This past Thursday a series of St. Patrick’s Day celebrations filled with shamrocks, green madness and Irish cuisine began. From soda bread to beer, this famous holiday is known for its unique dishes –– and each tells its own food science story.
Corned beef is one of the staples of St. Patrick’s Day in America. The “corn” here does not refer to a corn on the cob. Instead, “corn” refers to the large salt crystals on the beef during a five to eight day curing process.
During this process, the salt, which is made of charged ions, disrupts the electrostatic interactions in protein structure. This causes the protein to unravel, giving it a more tender texture.
Sodium nitrite — commonly in pink curing salt or Prague powder, used for many deli meats — is also used in the production of corned beef for distinctive quality purposes such as color and flavor.
According to Prof. Abigail Snyder, food science, including nitrates as preservatives, helps promote food safety and gives corned beef its characteristically vibrant pink color.
Without sodium nitrite, corned beef and other deli meats would remain brown without the savory flavor associated with cured products.
The flavorful corned beef is often paired with a side of soda bread, which has a chewy crust and soft, crumbly interior –– a result of the short mixing time which reduces the amount of gluten, impairing the dough’s ability to rise.
Unlike regular bread, soda bread consists of sodium bicarbonate, or baking soda, as a leavening or rising agent, instead of yeast. The basic baking soda, combined with acidic buttermilk, creates a chemical reaction that produces carbon dioxide. The carbon dioxide then produces bubbles in the dough and causes the bread to rise.
To complete the meal, a special Irish beverage is served as a refreshing drink. Irish stout, typically used to make green beer, is a staple of St. Patrick’s Day. While the process of dying beer green only involves the addition of green food coloring, the practice of beer making and flavor composition is more complicated.
For example, Irish stouts are known for their roasted malt, coffee aroma and hint of sourness, which arise from the malted barley and other components in brewing.
Four ingredients are needed to make this type of beer: grain, water, hops and yeast.
Hops, a flowering vine that produces oils that have antimicrobial properties, is what largely provides the bitterness flavor. Different varieties of hops create unique aromas in beer. In Ithaca, several breweries use fresh hops to make their beer.
“If you went down [Tower Road] to Hop Shire, one of the local breweries, hops are grown right in the front along the road,” Prof. Patrick Gibney, food science said.
During the brewing process, the water and various types of grains –– such as barley, which is found in Irish dry stout –– are heated.
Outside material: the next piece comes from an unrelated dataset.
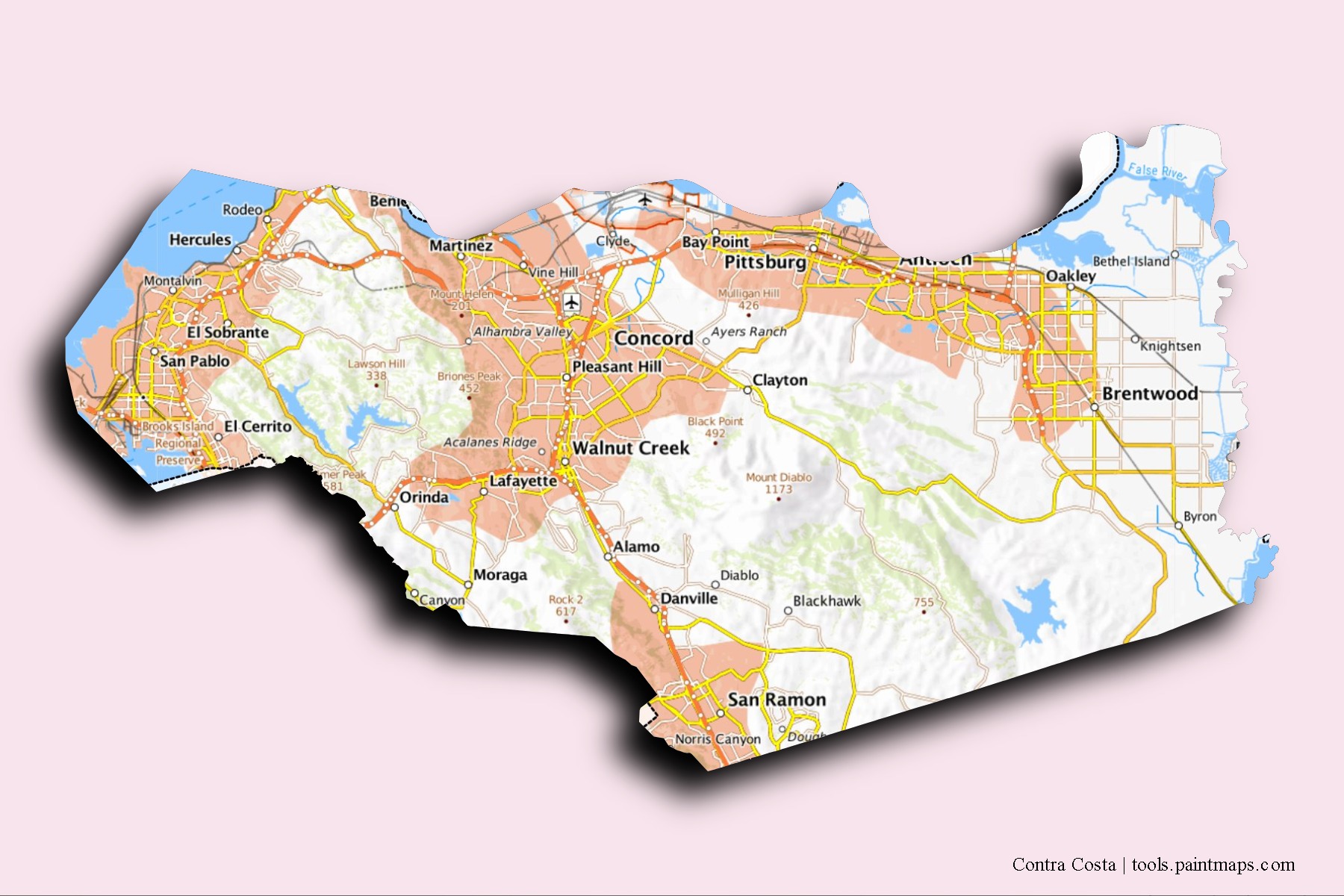 Contra Costa neighborhoods and villages map with 3D shadow effect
This allows plant seed enzymes to degrade the starch into simple sugars, serving as a food source for the yeast to make ethanol. These grains are then toasted and produce an assortment of combinations that yield specific flavors such as spiciness or chocolatey flavors.
During the brewing process, the water and grains such as rice, wheat –– or in Irish Guinness –– barley, are heated allowing plant seed enzymes to degrade the starch into simple sugars which serve as food for the yeast to make ethanol.
Following brewing, the “wort” mixture is filtered and another layer of aroma is added through pitching or adding in diverse yeast strains. Different strains lead to a production of two categories of beer: lager and ale.
Lager is a bottom fermenting yeast at cold temperatures. However, ale –– such as the irish stout –– is top fermenting yeast at warm temperatures.
While ale uses saccharomyces cerevisiae strains, lager uses a hybrid strain between Saccharomyces cerevisiae and saccharomyces eubayanus. These yeast strains in beer, unlike in wine, use maltose grain sugars, said Gibney.
These unique components give various types of beer, such as the Irish stout drink, their special aroma and flavor.